Friday evening, a letter written by the four NCAA-member HBCU conference commissioners to the Congressional Black Caucus was made public, expressing support for the SCORE Act.
The SCORE (Student Compensation and Opportunity through Rights and Endorsements) Act would, according to proponents of the bill, protect the rights of student-athletes, including creating one uniform national law as opposed to more than 30 individual state NIL laws.
This bill would also codify the status of student-athletes, thus rendering them ineligible to be considered employees of their colleges and universities.
Credit must be given to the NCAA/HBCU commissioners, who in late July announced the HBC4Us alliance with this very thing in mind. While we’re still waiting for more details on what this alliance will carry out, it’s a start at least.
The NCAA finally admitting they’re a money-making organization has been discussed several times before, including on this platform. While Power 4s divvy up trillions of dollars and other D-1 conferences are playing one country-wide game of musical chairs, HBCU conferences are figuring out what happens if and when all this collapses. Because it will collapse.
A select few universities hogging all the resources for themselves means the NCAA will eventually either have to force the Power 4 to create their own thing or break up the entire system as a whole.
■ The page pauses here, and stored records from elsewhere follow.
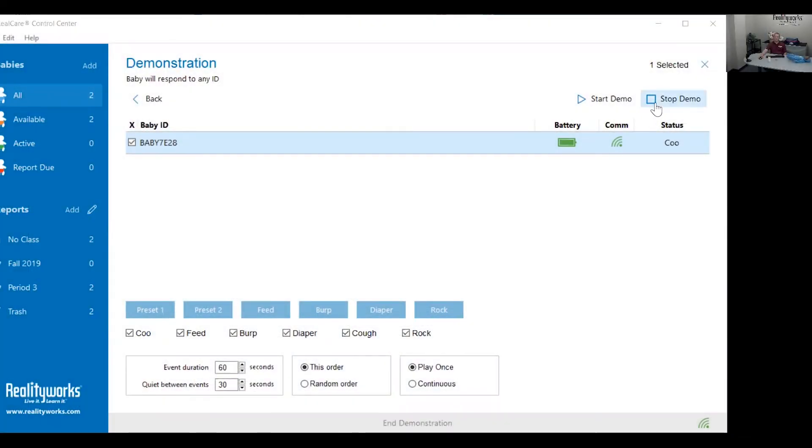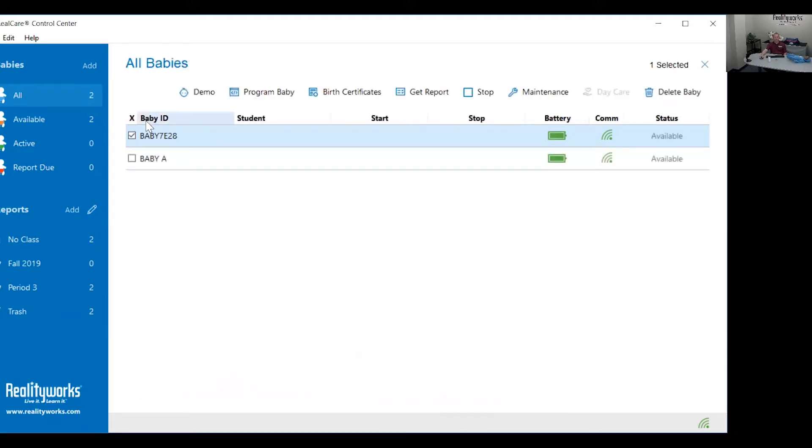After the crying has stopped, click stop demo. The baby will chime and the demonstration will stop. Now check how many head supports were triggered — click where it says back, select the baby, then click stop. The baby will chime. The status has now gone to report due and it is retrieving a report from that demonstration you just ran. Wait for the status to change to report okay or available.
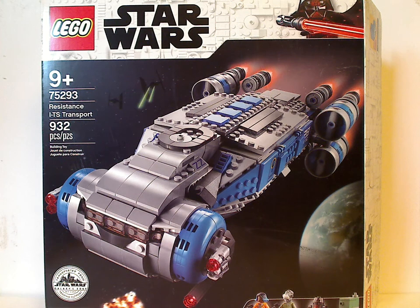Hello everyone, Dylan here with another LEGO Star Wars Summer 2020 review. Today's is on the Resistance ITS Transport, which is being released as a Target exclusive. Check your Target stores — it is completely available to purchase, no need to worry about street dates.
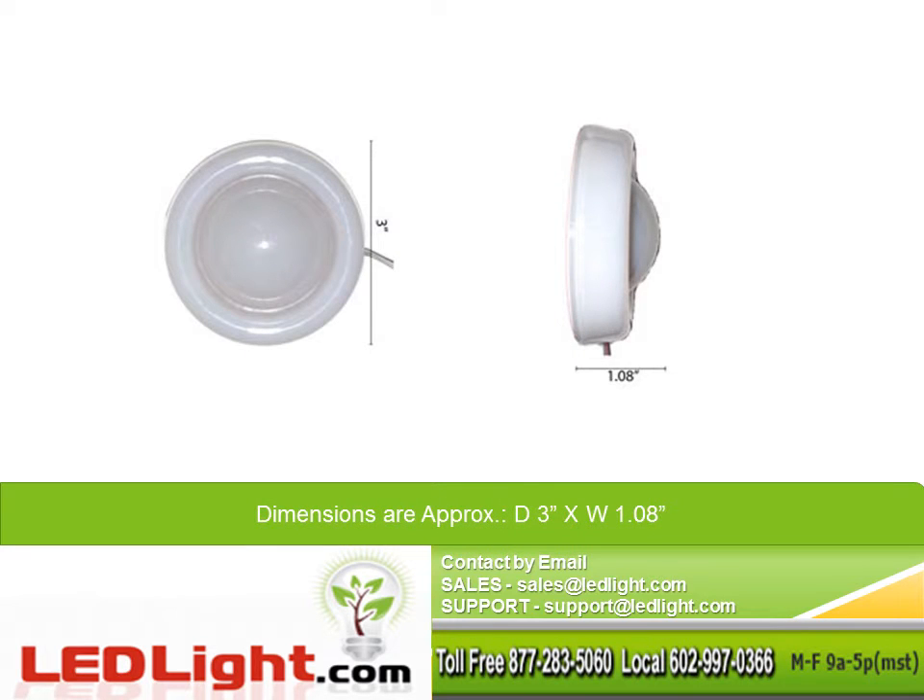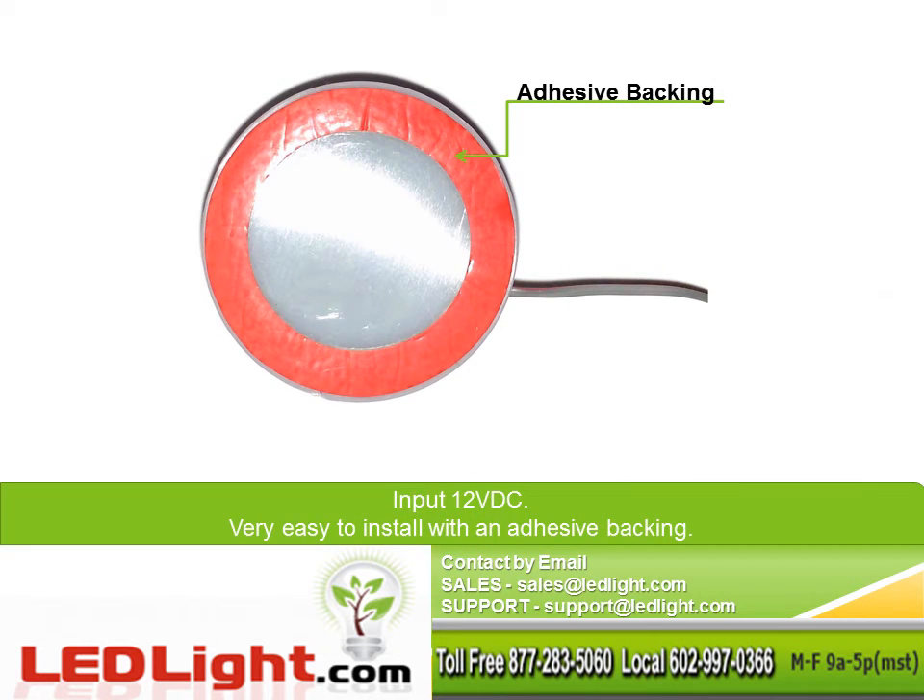Product dimensions are approximately 3 inches in diameter and 1.08 inches in width. Input for this light is 12 volts DC, very easy to install with an adhesive backing.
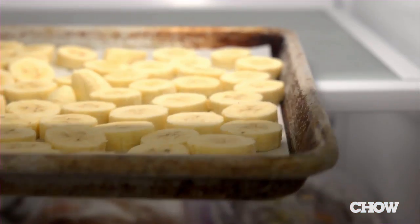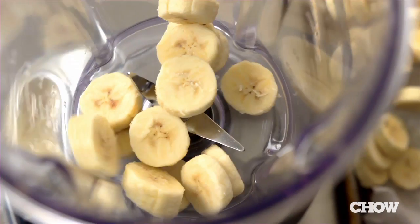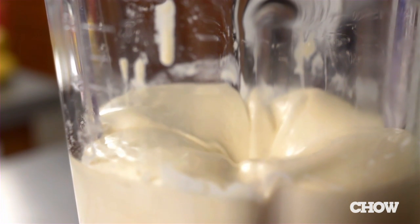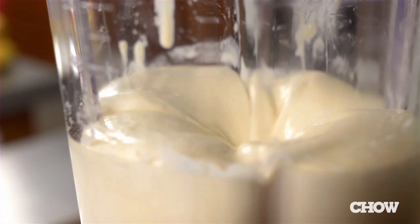All you do is take the banana, slice it up, and put it in your freezer. Freeze it overnight — maybe eight or nine hours — then take the banana slices, put them in the blender, and blend away. The resulting texture and flavor tastes a lot like soft serve.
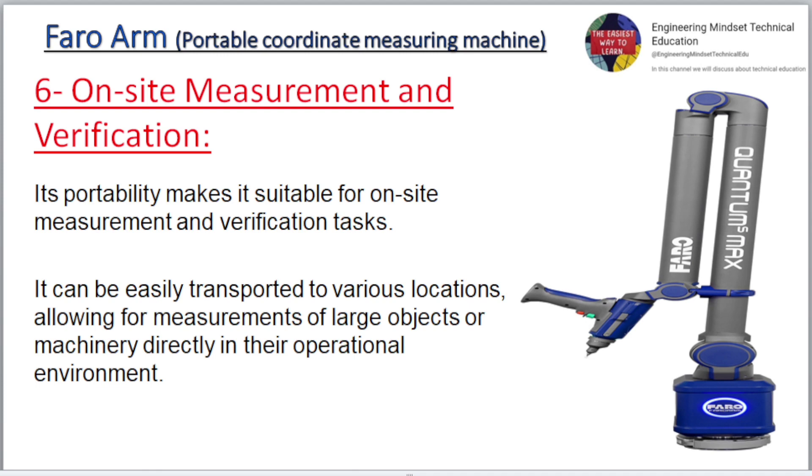Six: On-site measurement and verification. Its portability makes it suitable for on-site measurement and verification tasks. It can be easily transported to various locations, allowing for measurements of large objects or machinery directly in their operational environment.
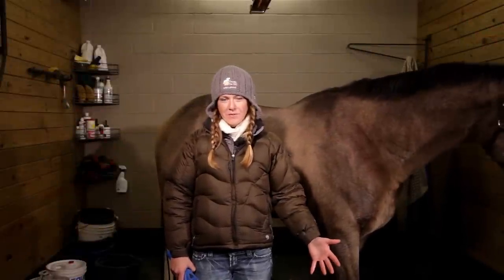Hi guys, welcome to Avention. I'm your host, Jimmy Schramm, and today I'm going to show you one of my favorite winter clips. I call it the quarter sheet clip.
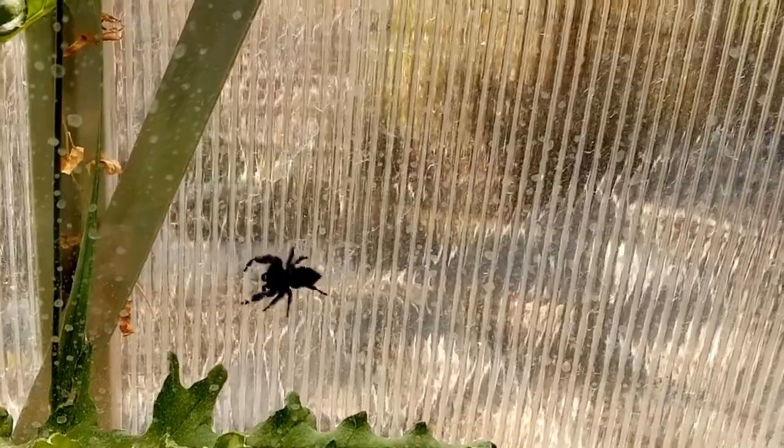They're doing their job. I really have almost no problem with pest bugs in this greenhouse.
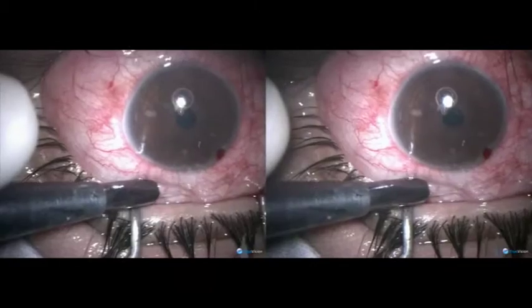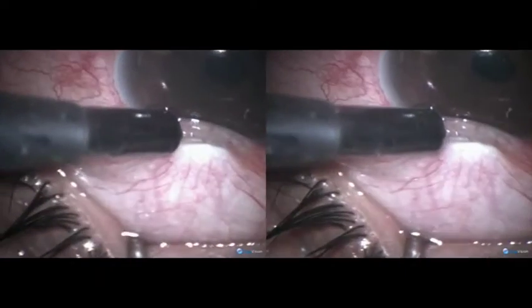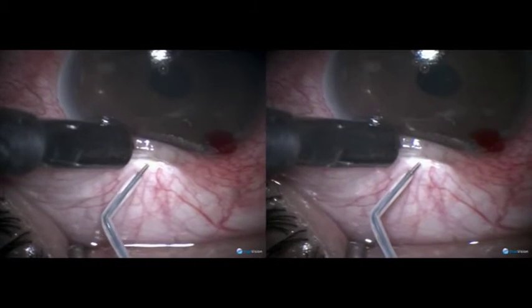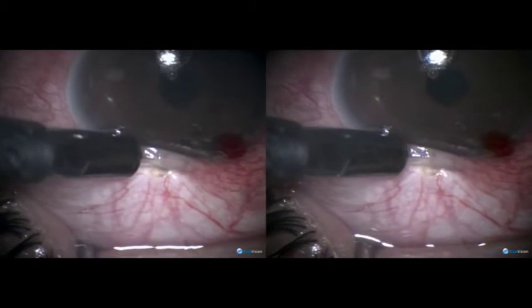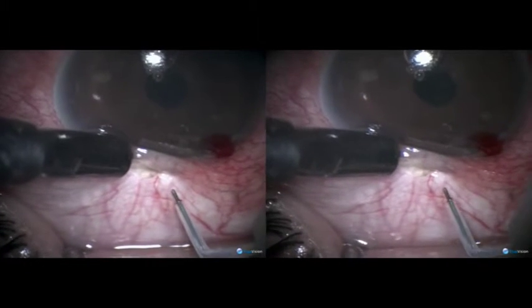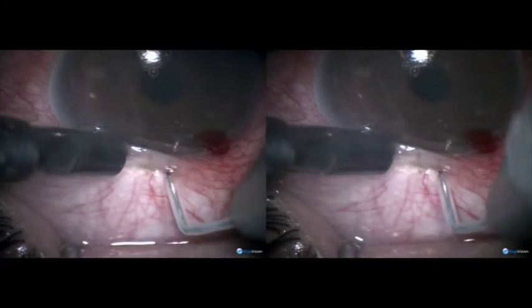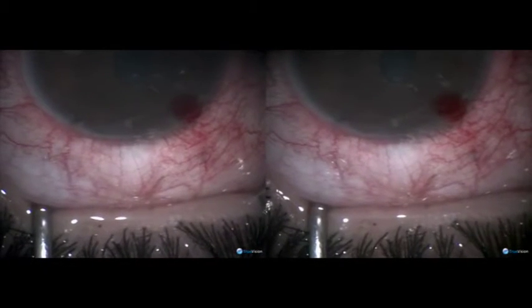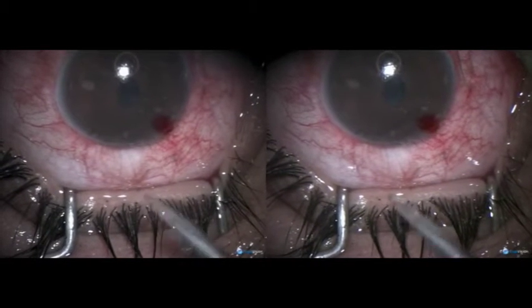When you fill the anterior chamber with helon, the aqueous doesn't leak on microtrack filtration. Notice carefully — the tip is being introduced at an angle from the left and then from the right. The idea is that the tracks should converge anteriorly and diverge posteriorly. So we have to do an iridectomy.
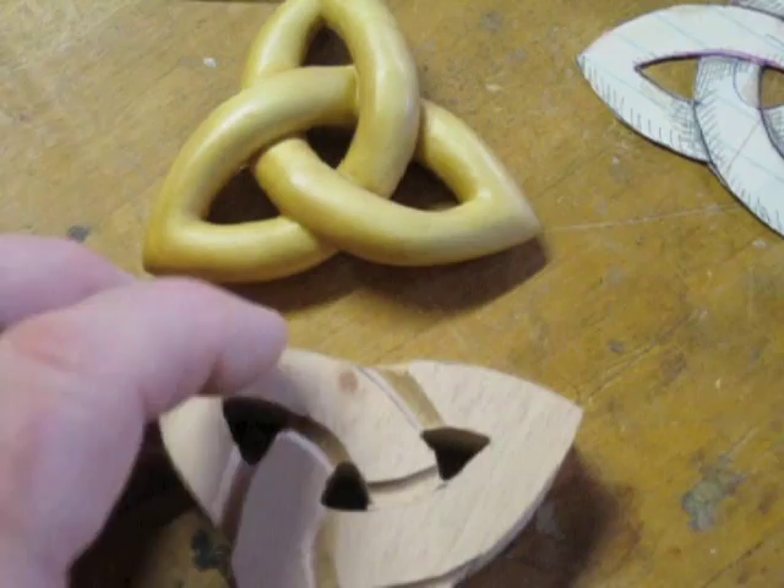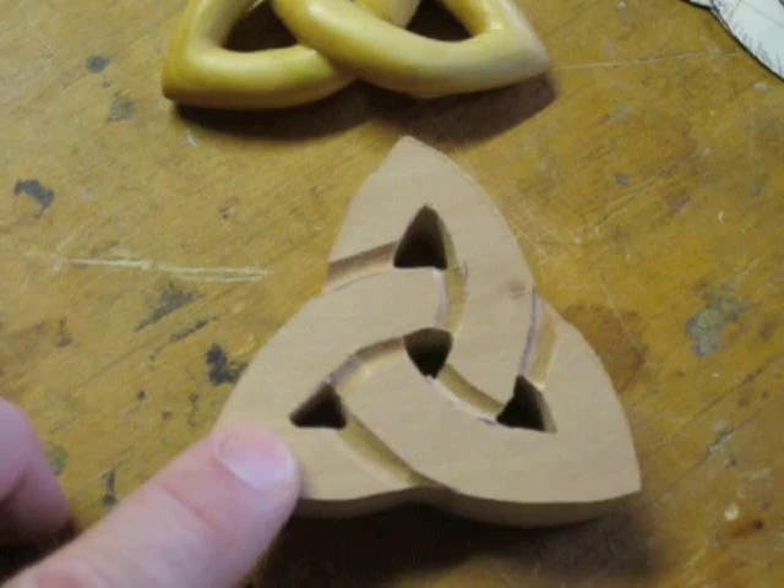We'll sit and carve this a little bit and see how it comes out. It should be a fun project — I'll see you next time.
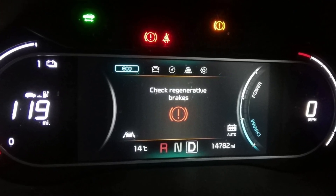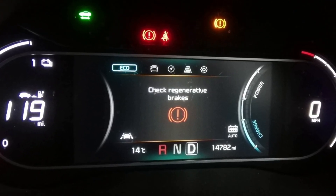The 'check regenerative brakes' warning is a long-standing problem in Kia vehicles. Before we talk about the culprits, you should know one extremely important thing: when you see this message and you are in regenerative braking mode, you may not be able to actually brake by just releasing the gas pedal, and the brake pedal may not be responsive enough.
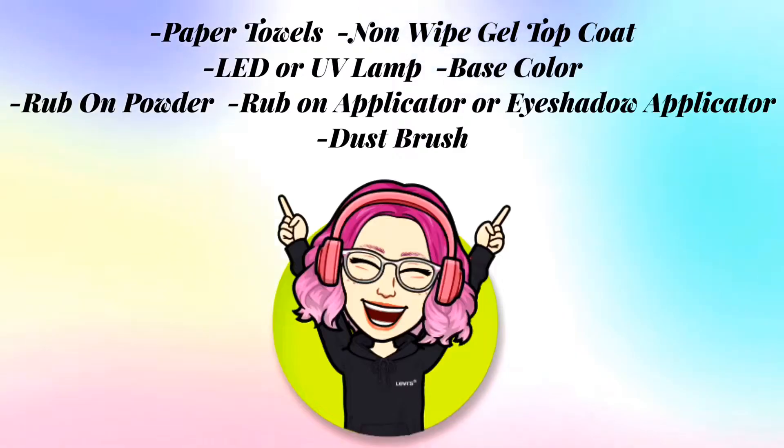I think you can use this stuff with nail polish but I haven't tried it yet. With that being said, everything that I've used in this video and that you'll need will be listed on the screen here and I will also list everything down in the description box below. So let's get started!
Neither choice is an attractive one when considering how the TV money that ESPN/FOX/NBC spends is always geared towards those larger schools and that no one has any idea of what a post-NCAA organization/world would look like.
Still, as the old saying goes, if you fail to prepare, prepare to fail.
HBC4Us getting out in front of people asking “what are our conference commissioners doing about this” is huge, but sooner rather than later, more action than a strongly worded letter will have to take place.
Having the framework in place to align on common goals must become initiatives dedicated to preserving the competitive spirit of HBCU athletics and the overall well-being of our schools.
With that in mind, HBCU stakeholders must have confidence and faith that Stills, McClelland, McWilliams Parker and Holloman (sounds like a pretty good law firm, by the way) are the right leaders for this job.
In a time full of unprecedented times, there’s no real guideline or formula for figuring out this new normal in college athletics. We are asking athletic administrators and executives to solve this problem on the fly and it’s going to take some time to do that.
And if they do it, we’ll look back on this turning point in HBCU sports history with pride instead of looking through our fingers at a train wreck.